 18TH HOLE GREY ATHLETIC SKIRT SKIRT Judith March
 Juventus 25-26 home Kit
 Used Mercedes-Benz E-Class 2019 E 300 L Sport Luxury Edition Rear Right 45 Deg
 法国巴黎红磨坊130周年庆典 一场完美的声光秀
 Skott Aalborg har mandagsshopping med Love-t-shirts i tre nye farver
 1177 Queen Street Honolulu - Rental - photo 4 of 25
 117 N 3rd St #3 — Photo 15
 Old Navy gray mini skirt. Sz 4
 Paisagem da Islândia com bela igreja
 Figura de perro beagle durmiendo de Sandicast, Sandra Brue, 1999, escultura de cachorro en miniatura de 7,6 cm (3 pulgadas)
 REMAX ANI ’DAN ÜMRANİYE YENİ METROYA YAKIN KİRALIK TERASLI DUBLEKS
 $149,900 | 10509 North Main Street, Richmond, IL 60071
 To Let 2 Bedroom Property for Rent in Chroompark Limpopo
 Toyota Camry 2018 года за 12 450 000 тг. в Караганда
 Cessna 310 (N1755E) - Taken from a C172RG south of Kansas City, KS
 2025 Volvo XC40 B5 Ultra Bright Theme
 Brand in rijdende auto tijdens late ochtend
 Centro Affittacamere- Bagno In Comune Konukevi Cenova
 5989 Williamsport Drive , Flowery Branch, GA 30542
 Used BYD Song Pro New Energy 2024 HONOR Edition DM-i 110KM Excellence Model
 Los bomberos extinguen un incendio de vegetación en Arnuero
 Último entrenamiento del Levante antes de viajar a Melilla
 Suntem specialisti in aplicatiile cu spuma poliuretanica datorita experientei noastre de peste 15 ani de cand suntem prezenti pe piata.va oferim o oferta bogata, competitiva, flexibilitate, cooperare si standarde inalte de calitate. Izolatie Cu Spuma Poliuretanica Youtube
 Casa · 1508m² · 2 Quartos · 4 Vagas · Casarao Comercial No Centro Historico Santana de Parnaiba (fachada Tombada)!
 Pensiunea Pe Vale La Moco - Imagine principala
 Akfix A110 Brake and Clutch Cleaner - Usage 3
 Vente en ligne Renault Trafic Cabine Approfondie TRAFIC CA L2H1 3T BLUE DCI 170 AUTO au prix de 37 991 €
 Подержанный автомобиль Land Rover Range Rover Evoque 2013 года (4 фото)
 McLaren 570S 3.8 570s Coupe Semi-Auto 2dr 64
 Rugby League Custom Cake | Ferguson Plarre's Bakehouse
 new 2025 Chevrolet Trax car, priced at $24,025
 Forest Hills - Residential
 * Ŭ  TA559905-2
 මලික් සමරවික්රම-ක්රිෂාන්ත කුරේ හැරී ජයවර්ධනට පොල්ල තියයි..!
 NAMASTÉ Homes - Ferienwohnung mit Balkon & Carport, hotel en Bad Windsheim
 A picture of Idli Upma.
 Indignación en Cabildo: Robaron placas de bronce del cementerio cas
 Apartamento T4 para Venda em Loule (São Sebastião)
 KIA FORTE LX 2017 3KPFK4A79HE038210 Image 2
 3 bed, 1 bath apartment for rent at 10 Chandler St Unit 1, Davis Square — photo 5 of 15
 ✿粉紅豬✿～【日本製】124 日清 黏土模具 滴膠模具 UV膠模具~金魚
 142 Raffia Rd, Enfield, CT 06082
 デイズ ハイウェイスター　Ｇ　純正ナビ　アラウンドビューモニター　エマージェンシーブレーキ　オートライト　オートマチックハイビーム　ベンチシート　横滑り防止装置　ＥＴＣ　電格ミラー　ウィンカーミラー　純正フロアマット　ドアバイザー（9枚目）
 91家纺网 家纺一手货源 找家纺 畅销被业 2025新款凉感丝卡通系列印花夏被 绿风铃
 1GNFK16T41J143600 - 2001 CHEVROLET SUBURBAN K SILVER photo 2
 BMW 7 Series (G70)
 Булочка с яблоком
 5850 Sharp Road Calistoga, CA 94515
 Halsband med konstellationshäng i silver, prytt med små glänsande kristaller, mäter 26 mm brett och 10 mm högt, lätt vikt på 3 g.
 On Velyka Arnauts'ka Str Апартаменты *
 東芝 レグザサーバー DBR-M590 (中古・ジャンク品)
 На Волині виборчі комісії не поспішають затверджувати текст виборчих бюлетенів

• • • • • • •

For the material above, reproduce exactly the lines from the line with "Булочка с яблоком" to the line with "東芝 レグザサーバー DBR-M590 (中古・ジャンク品)", inclusive, and exclude all others.

SOLUTION TO THIS EXERCISE —
 Булочка с яблоком
 5850 Sharp Road Calistoga, CA 94515
 Halsband med konstellationshäng i silver, prytt med små glänsande kristaller, mäter 26 mm brett och 10 mm högt, lätt vikt på 3 g.
 On Velyka Arnauts'ka Str Апартаменты *
 東芝 レグザサーバー DBR-M590 (中古・ジャンク品)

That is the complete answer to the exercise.